The interlock safety is sometimes referred to as the thumb safety.

If I didn't clear it up, let me know. I'll try harder.


----------



## Ptarmigan (Jul 4, 2008)

Actually I am pretty sure the Int Lock is an Internal Lock which is required in some states. The thumb safety on the M&P only comes on the .45ACP models as far as I know.


----------



## JeffWard (Aug 24, 2007)

Ptarmigan is right.

The M&P comes with as many options as a 80's Sedan...

Mag safety is just that, the gun will not fire with no magizine in it. My Pro Series (I think all Pro Series') comes without. It will shoot with no mag. This is a "safety feature" in case you are struggling with an assailant. If you are losing control of the gun, you can attempt to drop the mag, rendering it unfirable. It is required by some PDs.

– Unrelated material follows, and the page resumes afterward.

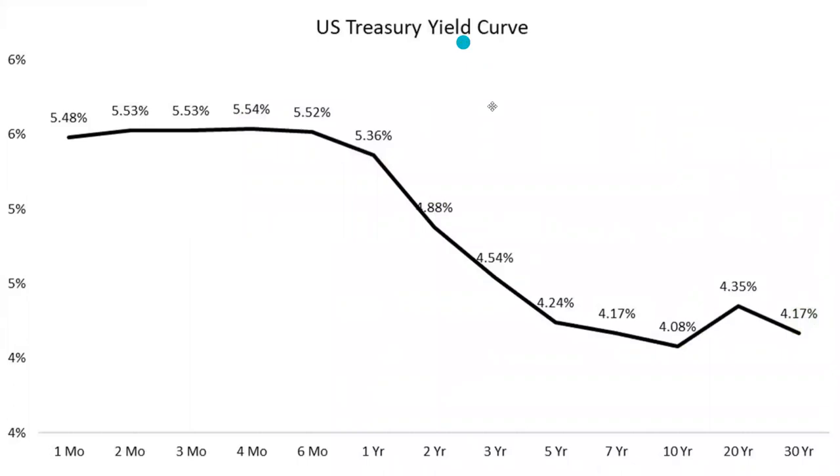The yield curve is starting to un-invert — that's a good sign — but the big thing people need to be cautious of is that when the yield curve completely un-inverts, that's typically when we tend to see a recession. This has been the longest awaited and most predicted recession in history. People have been waiting all of 2022, all of 2023, and now it's being pushed out to 2024. If the yield curve un-inverts in 2024, that really could be a sign that we actually get that recession.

The internal Lock is a small key inserted in the side of the gun, locking the striker or hammer (in a revolver). S&W offers this with all it's guns... Just something else to go wrong...

I'd worry more about the gun locking if dropped, than discharging if dropped (which all S&Ws are drop-safe).

JW


----------



## HowardCohodas (Nov 16, 2008)

Oh boy, I just tarnished my M&P lover badge. 

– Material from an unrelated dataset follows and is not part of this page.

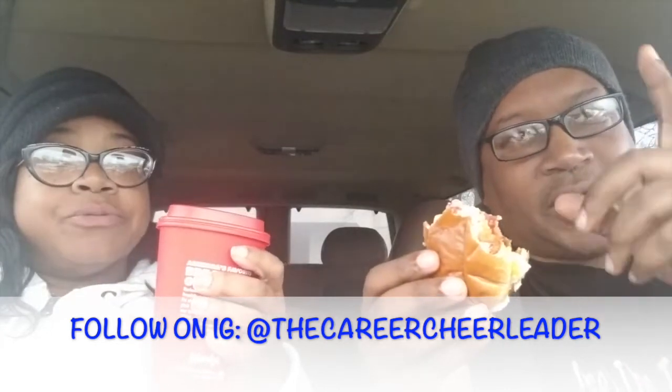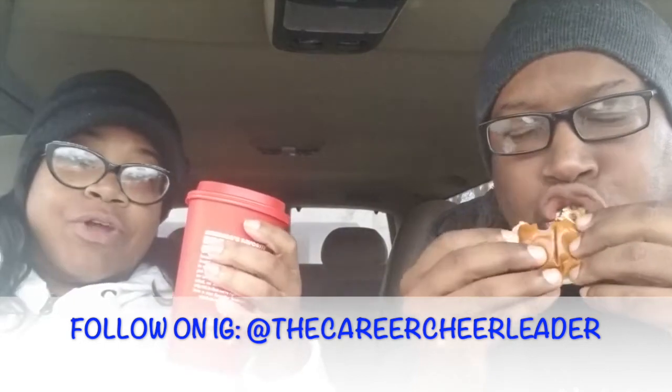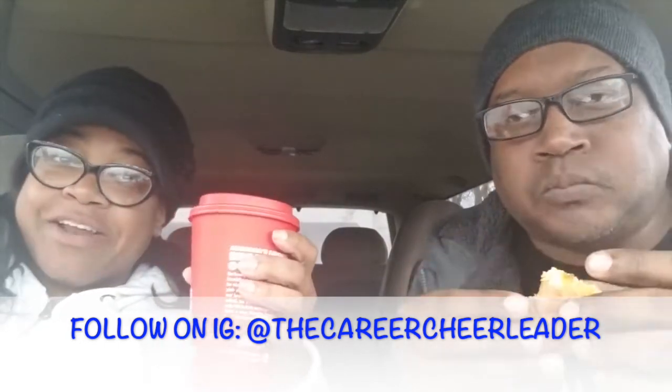The prices — for the Baconator, the regular Baconator is a little up there. But the combos are pretty reasonable, you know, compared to any other spots. Yeah, that's what I noticed too — compared to other breakfast spots. It's a decent size. Shout out to Carver, the career cheerleader. That is delicious.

Come visit us at the M&P forum, which I should have checked first before answering. http://MP-Pistol.com/.


----------



## Ptarmigan (Jul 4, 2008)

No big deal, Howard. :smt023

The mag safety is a pretty neat concept and I see the benefit of it. I would, however, rather not have that feature on my gun is I had a choice. 

The internal lock thing bugs the crap out of me, and I do not want it on any of my guns. I am with Jeff that it is just one more thing that can go wrong. It would really suck if it was "shot locked." I am guessing that enought testing was done to ensure this cannot happen, but I lack the faith to completely trust anyone or anything.


----------



## TOF (Sep 7, 2006)

Ptarmigan said:


> No big deal, Howard. :smt023
> 
> The mag safety is a pretty neat concept and I see the benefit of it. I would, however, rather not have that feature on my gun is I had a choice.
> 
> The internal lock thing bugs the crap out of me, and I do not want it on any of my guns. I am with Jeff that it is just one more thing that can go wrong. It would really suck if it was "shot locked." I am guessing that enought testing was done to ensure this cannot happen, but I lack the faith to completely trust anyone or anything.


The mag safety is very easy to remove along with the internal take down lever. Haven't seen one with the Lock but expect it will come out easy also. I believe Brownells can sell the little plastic plug to seal the hole. It currently lists for $1.09, part #22 on their schematic.


----------



## hi im drummer03 (Oct 27, 2008)

What kind of opinions have you guys formed on this gun.The feel of it to me is very comfortable.Im impressed with the look.It comes in my favorite 40.Also i know S&W has been around...


----------



## TOF (Sep 7, 2006)

My opinion is that an M&P40 is my primary pistol. I like it.


----------